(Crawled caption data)

######

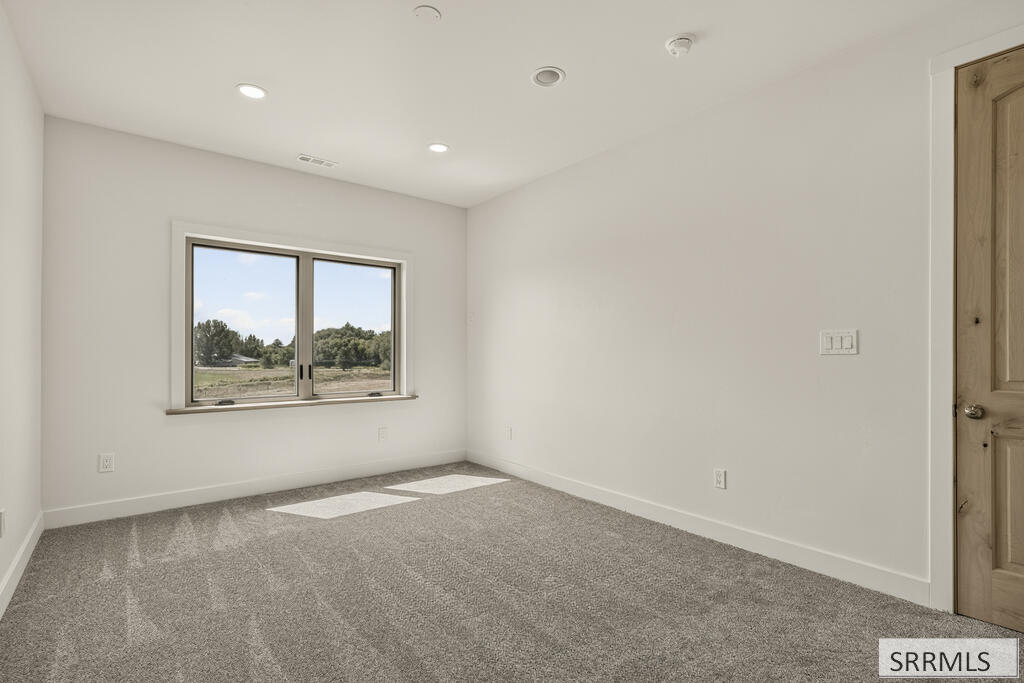 2225 Clover Meadow Way Property Photo 41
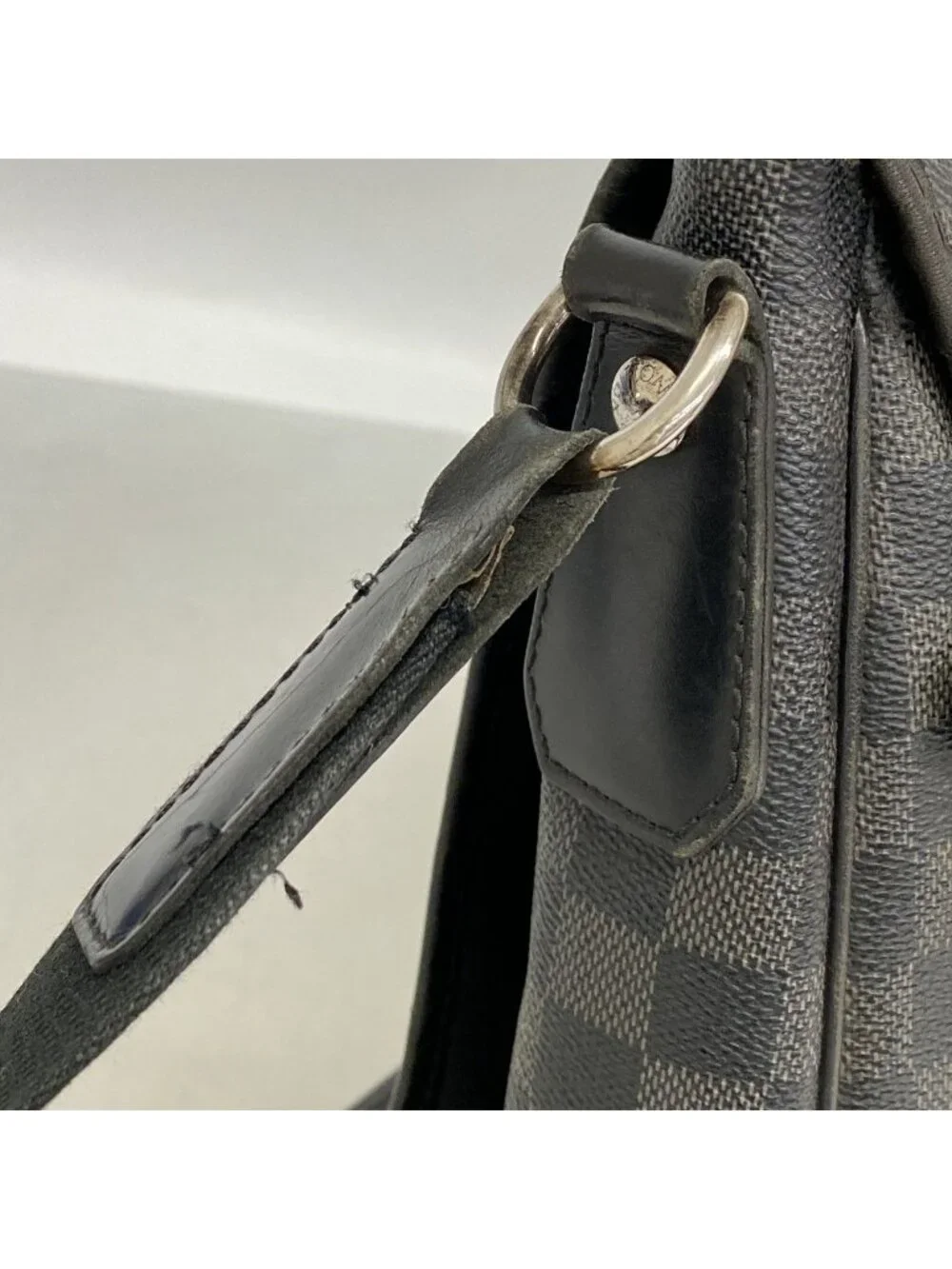 Louis Vuitton Shoulder Bag Damier Graphite Daniel MM Black Gray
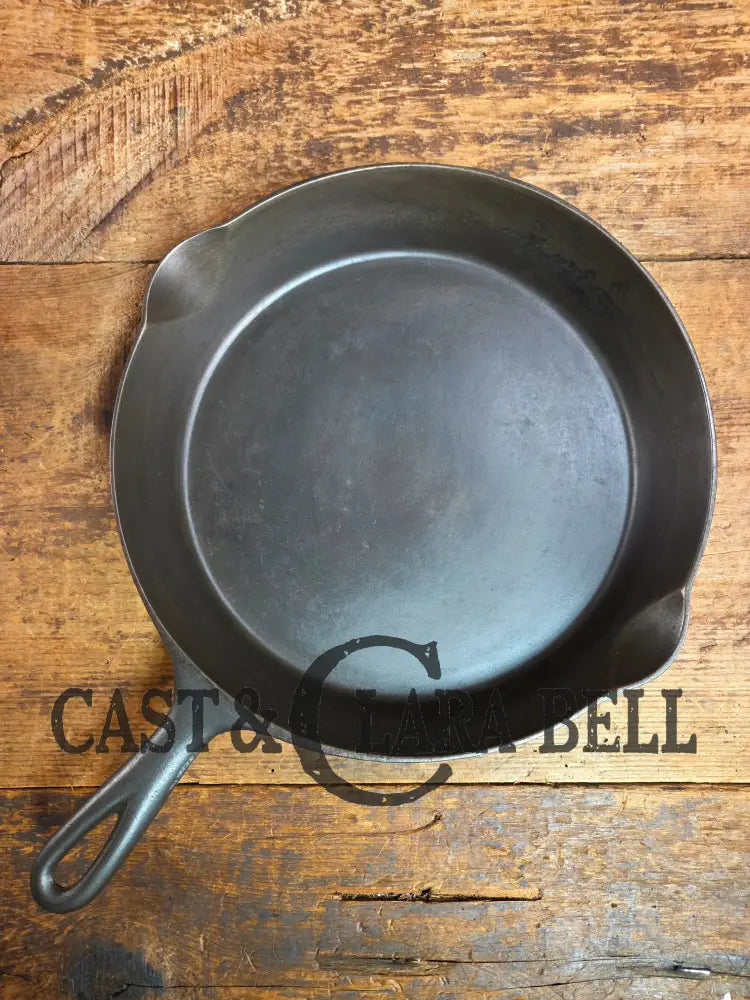 Beautiful 1910’s Early Favorite Piqua Ware #9 Cast Iron Skillet Smiley Logo Skillet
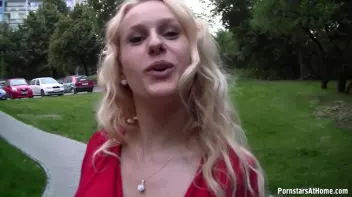 Bus Stop Babe Gives Killer Blowjobs Screencap 32 on sinx.preview.netperv.com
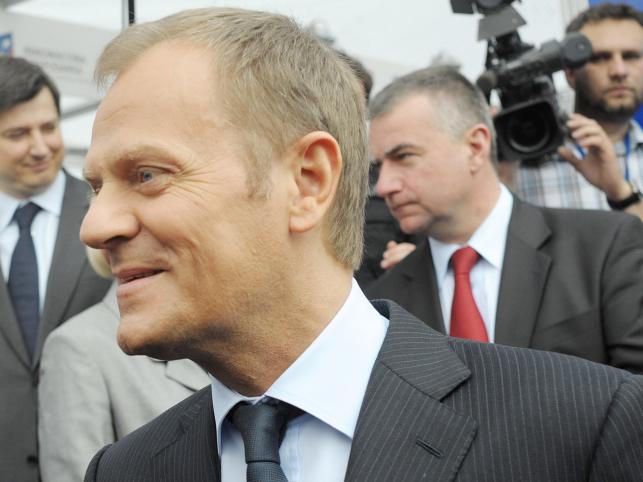 Tusk nie zostawi nikogo w potrzebie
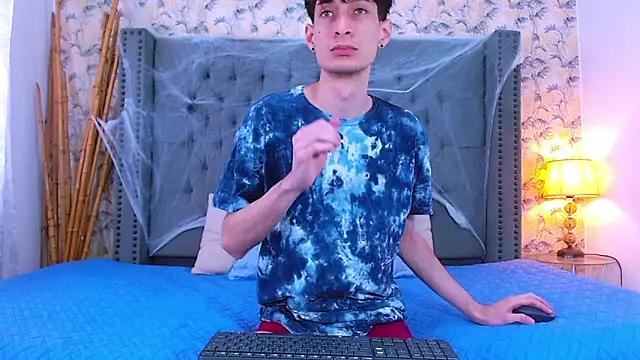 Luke Carter online show from October 18, 2025, 1:12 pm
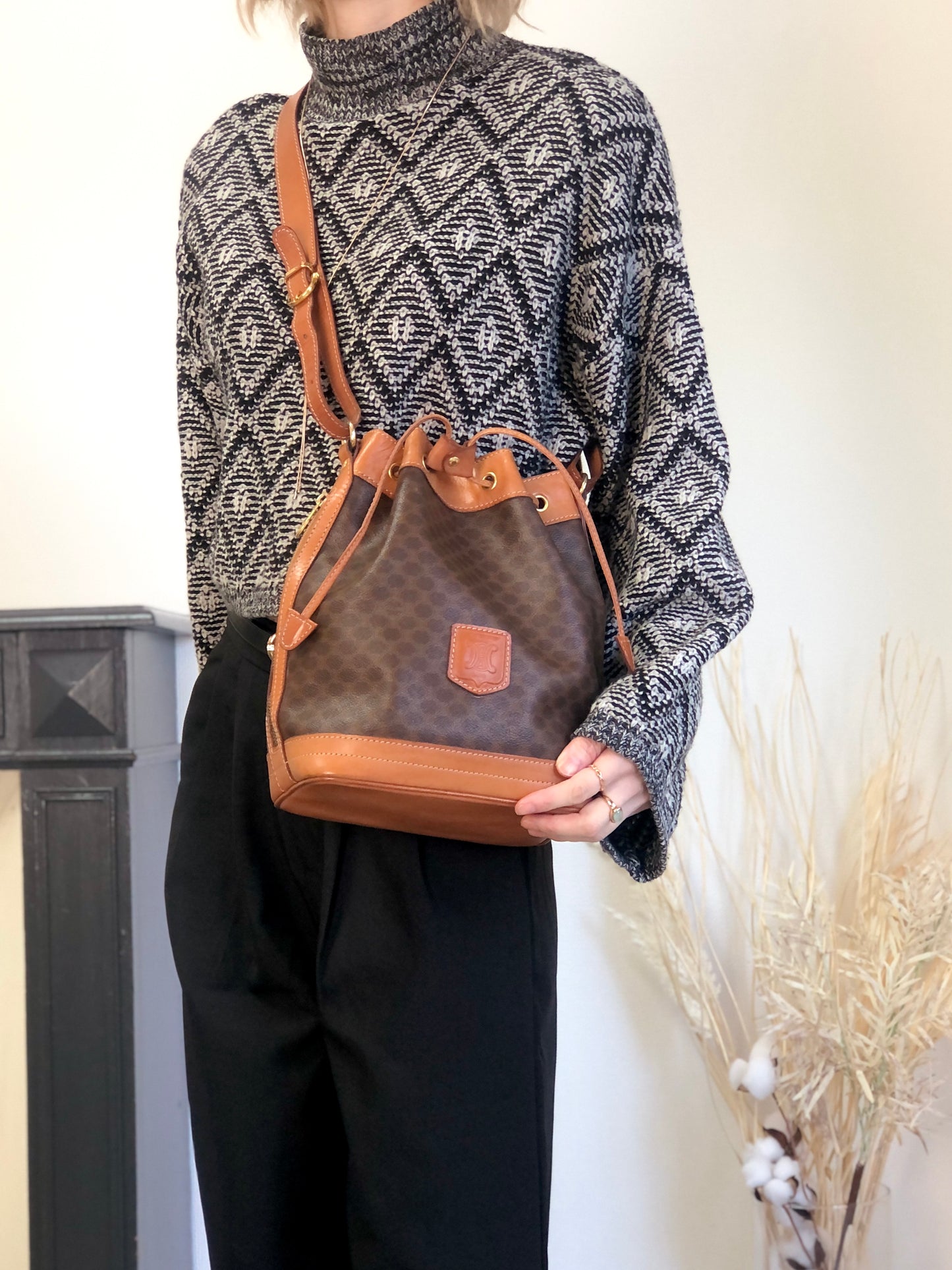 CELINE Macadam Blason Drawstring Shoulder bag Brown Vintage y4ma84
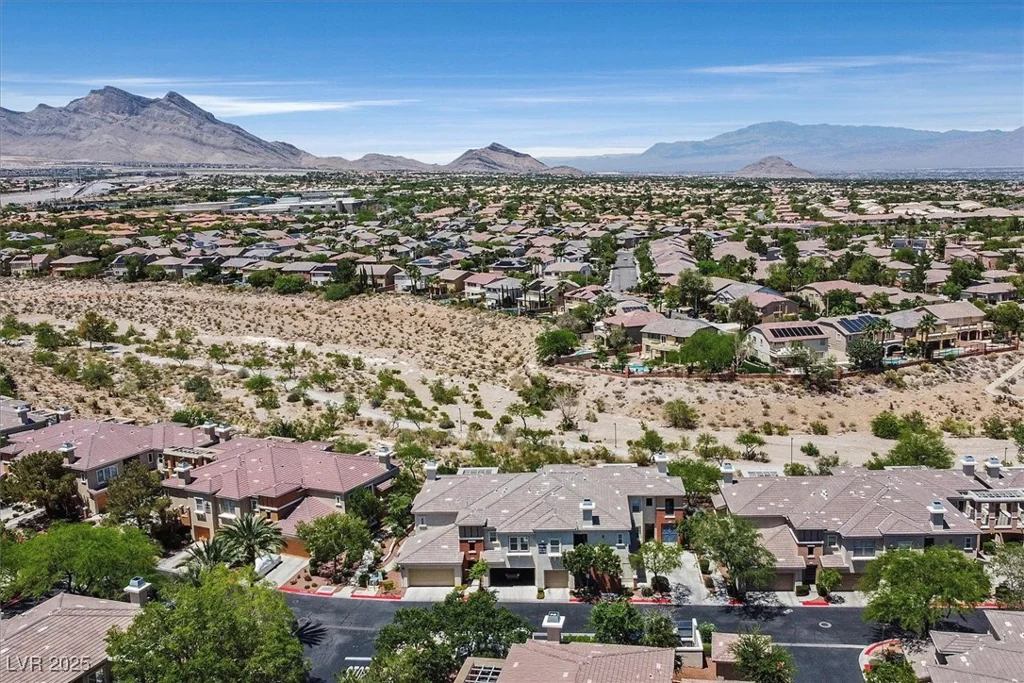 10640 Amber Ridge, Las Vegas, NV 89144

######

Nothing but the lines from the one that contains "Tusk nie zostawi nikogo w potrzebie" through the last line of the records belongs in the answer, reproduced exactly, with no pictures.

> Task answer:
 Tusk nie zostawi nikogo w potrzebie
 Luke Carter online show from October 18, 2025, 1:12 pm
 CELINE Macadam Blason Drawstring Shoulder bag Brown Vintage y4ma84
 10640 Amber Ridge, Las Vegas, NV 89144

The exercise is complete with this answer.